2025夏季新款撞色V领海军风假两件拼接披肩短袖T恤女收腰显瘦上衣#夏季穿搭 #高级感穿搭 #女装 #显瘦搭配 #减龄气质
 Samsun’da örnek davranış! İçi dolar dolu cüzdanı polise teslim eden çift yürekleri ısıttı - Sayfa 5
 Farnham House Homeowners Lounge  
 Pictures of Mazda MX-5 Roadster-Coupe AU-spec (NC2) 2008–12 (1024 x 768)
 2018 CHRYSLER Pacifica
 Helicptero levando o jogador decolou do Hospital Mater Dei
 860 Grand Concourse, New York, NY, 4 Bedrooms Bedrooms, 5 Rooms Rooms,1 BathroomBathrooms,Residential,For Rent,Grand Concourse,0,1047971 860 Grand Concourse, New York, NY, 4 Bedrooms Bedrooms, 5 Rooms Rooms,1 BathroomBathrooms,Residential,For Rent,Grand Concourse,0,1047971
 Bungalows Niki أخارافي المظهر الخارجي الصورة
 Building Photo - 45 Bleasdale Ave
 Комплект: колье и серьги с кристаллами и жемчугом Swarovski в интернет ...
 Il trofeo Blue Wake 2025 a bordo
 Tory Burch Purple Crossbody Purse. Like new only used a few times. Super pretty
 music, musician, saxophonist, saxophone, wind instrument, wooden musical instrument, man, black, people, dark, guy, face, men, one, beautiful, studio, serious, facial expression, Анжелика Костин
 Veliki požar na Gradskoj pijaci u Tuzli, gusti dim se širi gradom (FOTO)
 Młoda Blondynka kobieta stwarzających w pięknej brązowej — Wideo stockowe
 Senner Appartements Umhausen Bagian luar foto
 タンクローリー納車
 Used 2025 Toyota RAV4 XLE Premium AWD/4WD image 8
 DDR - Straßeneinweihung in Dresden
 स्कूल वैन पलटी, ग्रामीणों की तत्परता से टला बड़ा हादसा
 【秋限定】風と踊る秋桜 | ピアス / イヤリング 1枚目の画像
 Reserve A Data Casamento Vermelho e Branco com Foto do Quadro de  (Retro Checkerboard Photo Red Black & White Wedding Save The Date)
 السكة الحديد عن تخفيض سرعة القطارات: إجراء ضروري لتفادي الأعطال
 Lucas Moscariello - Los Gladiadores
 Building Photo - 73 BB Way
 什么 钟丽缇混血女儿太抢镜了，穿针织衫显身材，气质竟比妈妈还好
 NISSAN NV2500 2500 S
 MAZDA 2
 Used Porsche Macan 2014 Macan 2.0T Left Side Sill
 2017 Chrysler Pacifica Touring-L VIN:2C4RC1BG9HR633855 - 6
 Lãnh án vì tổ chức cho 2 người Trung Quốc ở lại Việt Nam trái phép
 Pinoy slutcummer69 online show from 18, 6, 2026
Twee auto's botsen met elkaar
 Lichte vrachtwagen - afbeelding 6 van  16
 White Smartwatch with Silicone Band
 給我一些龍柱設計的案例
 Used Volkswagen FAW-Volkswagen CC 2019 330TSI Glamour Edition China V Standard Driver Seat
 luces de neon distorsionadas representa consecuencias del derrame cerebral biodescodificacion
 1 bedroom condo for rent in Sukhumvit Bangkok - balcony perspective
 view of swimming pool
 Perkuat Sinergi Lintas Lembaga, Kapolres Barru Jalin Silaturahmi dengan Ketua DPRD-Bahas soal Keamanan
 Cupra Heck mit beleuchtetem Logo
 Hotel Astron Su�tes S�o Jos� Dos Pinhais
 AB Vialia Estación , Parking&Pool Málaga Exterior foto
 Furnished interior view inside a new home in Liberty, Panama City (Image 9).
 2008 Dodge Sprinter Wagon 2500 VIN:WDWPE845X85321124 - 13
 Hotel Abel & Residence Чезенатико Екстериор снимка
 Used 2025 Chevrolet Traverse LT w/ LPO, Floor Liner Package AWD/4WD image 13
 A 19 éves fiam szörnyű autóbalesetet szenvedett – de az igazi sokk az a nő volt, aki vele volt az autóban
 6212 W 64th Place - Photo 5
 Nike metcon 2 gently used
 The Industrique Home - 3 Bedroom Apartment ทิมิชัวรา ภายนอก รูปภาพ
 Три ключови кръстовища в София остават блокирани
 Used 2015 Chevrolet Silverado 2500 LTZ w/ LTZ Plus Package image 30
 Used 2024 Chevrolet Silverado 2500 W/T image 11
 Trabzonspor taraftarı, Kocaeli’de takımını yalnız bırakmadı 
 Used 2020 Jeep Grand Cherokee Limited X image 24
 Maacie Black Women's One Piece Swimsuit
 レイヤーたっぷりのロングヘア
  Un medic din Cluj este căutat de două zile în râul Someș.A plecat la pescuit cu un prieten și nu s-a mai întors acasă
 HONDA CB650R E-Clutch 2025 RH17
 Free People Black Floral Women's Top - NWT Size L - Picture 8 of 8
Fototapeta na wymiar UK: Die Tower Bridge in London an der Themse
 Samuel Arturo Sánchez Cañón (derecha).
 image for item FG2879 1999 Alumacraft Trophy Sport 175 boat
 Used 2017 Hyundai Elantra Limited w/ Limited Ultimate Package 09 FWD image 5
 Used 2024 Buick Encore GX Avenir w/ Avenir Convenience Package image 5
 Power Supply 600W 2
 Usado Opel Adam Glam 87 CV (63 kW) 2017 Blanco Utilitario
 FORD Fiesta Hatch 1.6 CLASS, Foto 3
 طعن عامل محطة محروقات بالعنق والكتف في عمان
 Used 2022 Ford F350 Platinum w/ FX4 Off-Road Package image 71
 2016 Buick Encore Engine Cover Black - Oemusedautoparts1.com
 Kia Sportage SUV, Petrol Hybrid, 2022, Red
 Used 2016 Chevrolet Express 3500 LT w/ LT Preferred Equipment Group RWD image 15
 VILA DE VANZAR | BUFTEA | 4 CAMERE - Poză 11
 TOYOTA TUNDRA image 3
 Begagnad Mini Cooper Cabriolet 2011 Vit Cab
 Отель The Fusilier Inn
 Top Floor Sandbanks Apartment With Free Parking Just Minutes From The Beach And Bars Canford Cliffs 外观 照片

Task goal. Each line of the data is to be transcribed exactly.

Answer to this problem.
2025夏季新款撞色V领海军风假两件拼接披肩短袖T恤女收腰显瘦上衣#夏季穿搭 #高级感穿搭 #女装 #显瘦搭配 #减龄气质
 Samsun’da örnek davranış! İçi dolar dolu cüzdanı polise teslim eden çift yürekleri ısıttı - Sayfa 5
 Farnham House Homeowners Lounge  
 Pictures of Mazda MX-5 Roadster-Coupe AU-spec (NC2) 2008–12 (1024 x 768)
 2018 CHRYSLER Pacifica
 Helicptero levando o jogador decolou do Hospital Mater Dei
 860 Grand Concourse, New York, NY, 4 Bedrooms Bedrooms, 5 Rooms Rooms,1 BathroomBathrooms,Residential,For Rent,Grand Concourse,0,1047971 860 Grand Concourse, New York, NY, 4 Bedrooms Bedrooms, 5 Rooms Rooms,1 BathroomBathrooms,Residential,For Rent,Grand Concourse,0,1047971
 Bungalows Niki أخارافي المظهر الخارجي الصورة
 Building Photo - 45 Bleasdale Ave
 Комплект: колье и серьги с кристаллами и жемчугом Swarovski в интернет ...
 Il trofeo Blue Wake 2025 a bordo
 Tory Burch Purple Crossbody Purse. Like new only used a few times. Super pretty
 music, musician, saxophonist, saxophone, wind instrument, wooden musical instrument, man, black, people, dark, guy, face, men, one, beautiful, studio, serious, facial expression, Анжелика Костин
 Veliki požar na Gradskoj pijaci u Tuzli, gusti dim se širi gradom (FOTO)
 Młoda Blondynka kobieta stwarzających w pięknej brązowej — Wideo stockowe
 Senner Appartements Umhausen Bagian luar foto
 タンクローリー納車
 Used 2025 Toyota RAV4 XLE Premium AWD/4WD image 8
 DDR - Straßeneinweihung in Dresden
 स्कूल वैन पलटी, ग्रामीणों की तत्परता से टला बड़ा हादसा
 【秋限定】風と踊る秋桜 | ピアス / イヤリング 1枚目の画像
 Reserve A Data Casamento Vermelho e Branco com Foto do Quadro de  (Retro Checkerboard Photo Red Black & White Wedding Save The Date)
 السكة الحديد عن تخفيض سرعة القطارات: إجراء ضروري لتفادي الأعطال
 Lucas Moscariello - Los Gladiadores
 Building Photo - 73 BB Way
 什么 钟丽缇混血女儿太抢镜了，穿针织衫显身材，气质竟比妈妈还好
 NISSAN NV2500 2500 S
 MAZDA 2
 Used Porsche Macan 2014 Macan 2.0T Left Side Sill
 2017 Chrysler Pacifica Touring-L VIN:2C4RC1BG9HR633855 - 6
 Lãnh án vì tổ chức cho 2 người Trung Quốc ở lại Việt Nam trái phép
 Pinoy slutcummer69 online show from 18, 6, 2026
Twee auto's botsen met elkaar
 Lichte vrachtwagen - afbeelding 6 van  16
 White Smartwatch with Silicone Band
 給我一些龍柱設計的案例
 Used Volkswagen FAW-Volkswagen CC 2019 330TSI Glamour Edition China V Standard Driver Seat
 luces de neon distorsionadas representa consecuencias del derrame cerebral biodescodificacion
 1 bedroom condo for rent in Sukhumvit Bangkok - balcony perspective
 view of swimming pool
 Perkuat Sinergi Lintas Lembaga, Kapolres Barru Jalin Silaturahmi dengan Ketua DPRD-Bahas soal Keamanan
 Cupra Heck mit beleuchtetem Logo
 Hotel Astron Su�tes S�o Jos� Dos Pinhais
 AB Vialia Estación , Parking&Pool Málaga Exterior foto
 Furnished interior view inside a new home in Liberty, Panama City (Image 9).
 2008 Dodge Sprinter Wagon 2500 VIN:WDWPE845X85321124 - 13
 Hotel Abel & Residence Чезенатико Екстериор снимка
 Used 2025 Chevrolet Traverse LT w/ LPO, Floor Liner Package AWD/4WD image 13
 A 19 éves fiam szörnyű autóbalesetet szenvedett – de az igazi sokk az a nő volt, aki vele volt az autóban
 6212 W 64th Place - Photo 5
 Nike metcon 2 gently used
 The Industrique Home - 3 Bedroom Apartment ทิมิชัวรา ภายนอก รูปภาพ
 Три ключови кръстовища в София остават блокирани
 Used 2015 Chevrolet Silverado 2500 LTZ w/ LTZ Plus Package image 30
 Used 2024 Chevrolet Silverado 2500 W/T image 11
 Trabzonspor taraftarı, Kocaeli’de takımını yalnız bırakmadı 
 Used 2020 Jeep Grand Cherokee Limited X image 24
 Maacie Black Women's One Piece Swimsuit
 レイヤーたっぷりのロングヘア
  Un medic din Cluj este căutat de două zile în râul Someș.A plecat la pescuit cu un prieten și nu s-a mai întors acasă
 HONDA CB650R E-Clutch 2025 RH17
 Free People Black Floral Women's Top - NWT Size L - Picture 8 of 8
Fototapeta na wymiar UK: Die Tower Bridge in London an der Themse
 Samuel Arturo Sánchez Cañón (derecha).
 image for item FG2879 1999 Alumacraft Trophy Sport 175 boat
 Used 2017 Hyundai Elantra Limited w/ Limited Ultimate Package 09 FWD image 5
 Used 2024 Buick Encore GX Avenir w/ Avenir Convenience Package image 5
 Power Supply 600W 2
 Usado Opel Adam Glam 87 CV (63 kW) 2017 Blanco Utilitario
 FORD Fiesta Hatch 1.6 CLASS, Foto 3
 طعن عامل محطة محروقات بالعنق والكتف في عمان
 Used 2022 Ford F350 Platinum w/ FX4 Off-Road Package image 71
 2016 Buick Encore Engine Cover Black - Oemusedautoparts1.com
 Kia Sportage SUV, Petrol Hybrid, 2022, Red
 Used 2016 Chevrolet Express 3500 LT w/ LT Preferred Equipment Group RWD image 15
 VILA DE VANZAR | BUFTEA | 4 CAMERE - Poză 11
 TOYOTA TUNDRA image 3
 Begagnad Mini Cooper Cabriolet 2011 Vit Cab
 Отель The Fusilier Inn
 Top Floor Sandbanks Apartment With Free Parking Just Minutes From The Beach And Bars Canford Cliffs 外观 照片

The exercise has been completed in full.